INPUT:
┄┄┄┄┄┄

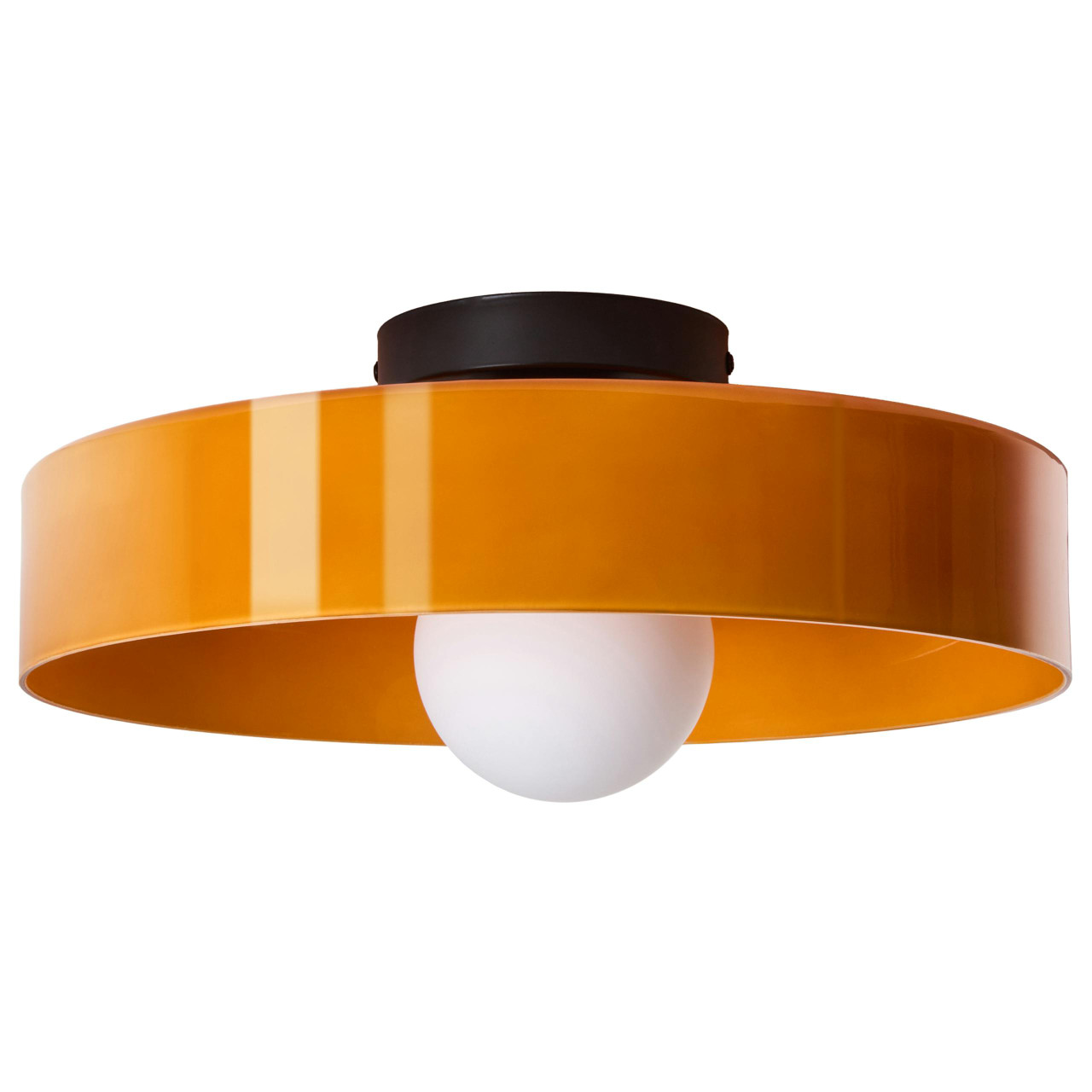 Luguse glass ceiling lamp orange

┄┄┄┄┄┄

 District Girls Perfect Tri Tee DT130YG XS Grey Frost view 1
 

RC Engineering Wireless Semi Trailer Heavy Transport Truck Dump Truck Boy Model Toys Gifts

┄┄┄┄┄┄

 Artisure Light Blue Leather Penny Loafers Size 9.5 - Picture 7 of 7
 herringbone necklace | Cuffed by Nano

┄┄┄┄┄┄

ABOUT THIS EXERCISE:
Of the entries above, transcribe exactly those lines that fall between the line containing "Artisure Light Blue" and the line containing "herringbone necklace | Cuffed by Nano", together with those two lines.

SOLUTION:
 Artisure Light Blue Leather Penny Loafers Size 9.5 - Picture 7 of 7
 herringbone necklace | Cuffed by Nano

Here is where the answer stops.